The Case of the 0.3% Slower Node
A single node was quietly dragging down multi-node training jobs. The root cause was one degraded NVLink lane and a metric nobody was watching.
A customer opened a ticket with a frustrating symptom: some of their training runs were about 0.3% slower than others, with no obvious pattern. Same code, same dataset, same GPU count. Sometimes fast, sometimes very slightly slow.
A third of a percent sounds like noise. At the scale these jobs run, it is real money. And "intermittent and tiny" is exactly the kind of bug that hides for months.
Reproducing the unreproducible
The first job was to make it happen on demand. We pinned the customer's job shape to a fixed set of nodes and ran a stripped-down all-reduce benchmark in a loop. The slowdown followed a specific node — whenever that node was in the placement, the job was slow.
# Bisect: run the benchmark across rotating subsets, hold one node constant.
for trial in $(seq 1 50); do
nodes=$(pick_nodes --count 8 --include node-1147)
bench_allreduce --nodes "$nodes" --size 256MB --iters 200 \
| jq '{trial: '"$trial"', busbw_gbps: .busbw}'
done
The bandwidth histogram was bimodal: most trials clustered tightly, a minority sat a hair
lower. The low cluster always contained node-1147.
Following the bandwidth down
Within the node, NCCL prefers NVLink for intra-node communication. We dumped the per-lane link state and found one lane on one GPU running at a reduced width — the hardware had silently downtrained it after correctable errors, exactly as designed. The link still worked. It just had less bandwidth, and NCCL routed around it in a way that added a hop.
The kicker: every health check we had was pass/fail.
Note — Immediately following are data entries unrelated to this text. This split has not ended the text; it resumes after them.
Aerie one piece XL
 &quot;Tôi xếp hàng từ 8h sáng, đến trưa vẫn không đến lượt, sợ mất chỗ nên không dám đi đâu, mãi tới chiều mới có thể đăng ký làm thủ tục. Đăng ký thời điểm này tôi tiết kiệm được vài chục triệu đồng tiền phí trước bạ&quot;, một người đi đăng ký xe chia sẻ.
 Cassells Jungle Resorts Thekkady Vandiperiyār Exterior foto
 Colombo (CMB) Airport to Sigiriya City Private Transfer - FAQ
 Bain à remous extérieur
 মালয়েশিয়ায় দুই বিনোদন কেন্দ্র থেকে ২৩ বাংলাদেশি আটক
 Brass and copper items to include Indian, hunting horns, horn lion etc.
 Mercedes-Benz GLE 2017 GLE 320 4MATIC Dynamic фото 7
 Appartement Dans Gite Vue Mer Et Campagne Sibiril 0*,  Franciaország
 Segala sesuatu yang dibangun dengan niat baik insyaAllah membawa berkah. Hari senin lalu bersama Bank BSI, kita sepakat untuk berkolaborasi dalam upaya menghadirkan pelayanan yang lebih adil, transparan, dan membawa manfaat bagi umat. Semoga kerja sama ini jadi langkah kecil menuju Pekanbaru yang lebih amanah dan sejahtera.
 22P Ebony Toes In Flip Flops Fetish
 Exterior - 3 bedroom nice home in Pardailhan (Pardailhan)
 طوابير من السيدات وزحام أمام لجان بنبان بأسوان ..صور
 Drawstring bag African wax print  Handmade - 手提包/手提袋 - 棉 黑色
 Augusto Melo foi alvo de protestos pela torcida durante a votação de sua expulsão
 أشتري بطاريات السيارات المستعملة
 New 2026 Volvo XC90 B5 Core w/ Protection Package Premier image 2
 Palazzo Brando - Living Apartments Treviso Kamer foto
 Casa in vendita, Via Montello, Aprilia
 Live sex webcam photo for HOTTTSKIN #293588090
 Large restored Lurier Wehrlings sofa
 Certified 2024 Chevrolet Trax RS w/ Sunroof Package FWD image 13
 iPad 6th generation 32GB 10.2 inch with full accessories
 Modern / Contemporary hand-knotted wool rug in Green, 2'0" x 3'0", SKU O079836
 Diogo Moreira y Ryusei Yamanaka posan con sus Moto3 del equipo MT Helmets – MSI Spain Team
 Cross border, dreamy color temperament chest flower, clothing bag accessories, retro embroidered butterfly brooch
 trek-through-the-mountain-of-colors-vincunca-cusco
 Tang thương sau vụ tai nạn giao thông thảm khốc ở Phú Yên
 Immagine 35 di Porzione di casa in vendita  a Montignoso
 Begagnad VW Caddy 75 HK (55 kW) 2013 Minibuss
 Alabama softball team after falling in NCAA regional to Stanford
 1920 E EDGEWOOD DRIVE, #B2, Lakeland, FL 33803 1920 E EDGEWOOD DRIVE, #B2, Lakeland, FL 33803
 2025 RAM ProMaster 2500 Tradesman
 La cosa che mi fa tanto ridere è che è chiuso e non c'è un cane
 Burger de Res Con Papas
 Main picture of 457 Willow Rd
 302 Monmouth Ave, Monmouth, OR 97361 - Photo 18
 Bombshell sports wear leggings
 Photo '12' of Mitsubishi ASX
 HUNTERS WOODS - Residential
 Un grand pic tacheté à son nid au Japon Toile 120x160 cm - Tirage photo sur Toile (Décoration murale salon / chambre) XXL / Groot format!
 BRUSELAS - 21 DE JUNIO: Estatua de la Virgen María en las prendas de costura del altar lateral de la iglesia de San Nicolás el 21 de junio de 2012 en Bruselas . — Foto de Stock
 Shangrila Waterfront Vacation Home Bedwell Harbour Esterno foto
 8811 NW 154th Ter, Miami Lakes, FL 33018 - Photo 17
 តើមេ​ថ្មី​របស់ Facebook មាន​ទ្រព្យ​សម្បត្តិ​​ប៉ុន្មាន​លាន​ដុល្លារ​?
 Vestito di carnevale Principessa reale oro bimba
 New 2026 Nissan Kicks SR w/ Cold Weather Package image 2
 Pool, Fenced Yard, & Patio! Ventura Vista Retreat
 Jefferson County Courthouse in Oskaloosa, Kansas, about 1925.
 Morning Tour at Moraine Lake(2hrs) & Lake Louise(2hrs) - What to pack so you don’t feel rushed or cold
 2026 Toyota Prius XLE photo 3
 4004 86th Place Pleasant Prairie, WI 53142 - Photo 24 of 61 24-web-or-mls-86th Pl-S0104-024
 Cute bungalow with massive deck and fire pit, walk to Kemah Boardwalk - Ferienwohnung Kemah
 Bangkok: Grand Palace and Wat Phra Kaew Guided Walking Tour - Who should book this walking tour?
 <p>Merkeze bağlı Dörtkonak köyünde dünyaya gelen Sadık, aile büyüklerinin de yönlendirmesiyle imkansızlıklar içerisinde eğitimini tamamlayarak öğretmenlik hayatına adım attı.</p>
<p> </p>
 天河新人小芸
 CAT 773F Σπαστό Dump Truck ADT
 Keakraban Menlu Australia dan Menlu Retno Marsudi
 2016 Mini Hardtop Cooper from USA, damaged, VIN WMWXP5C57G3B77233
The link was up, so every dashboard was green. Nothing was watching link width.
The fix, and the better fix
The immediate fix was to drain node-1147, reseat the affected component, and confirm the
lane retrained to full width. The job's bandwidth returned to the fast cluster.
The durable fix was to stop treating links as binary. We now export link width and lane error counters per GPU and alert when a node's aggregate NVLink bandwidth drops below spec, before anyone files a ticket:
ALERT NVLinkDegraded
node-1147 gpu3 link2 width=x8 (expected x16) corr_errors=4213
effective intra-node bw 11% below spec — node cordoned for service
Takeaways
- "Up" is not a performance guarantee. For hardware that degrades gracefully, the interesting signal is the gradient between working and optimal, not the binary.
- Small and persistent beats large and rare. A 0.3% tax that applies to every step of every run on a node adds up faster than an occasional crash.
- Make the invisible visible. The bug existed for as long as it took us to start graphing the right number. Most of debugging at this scale is deciding what to measure.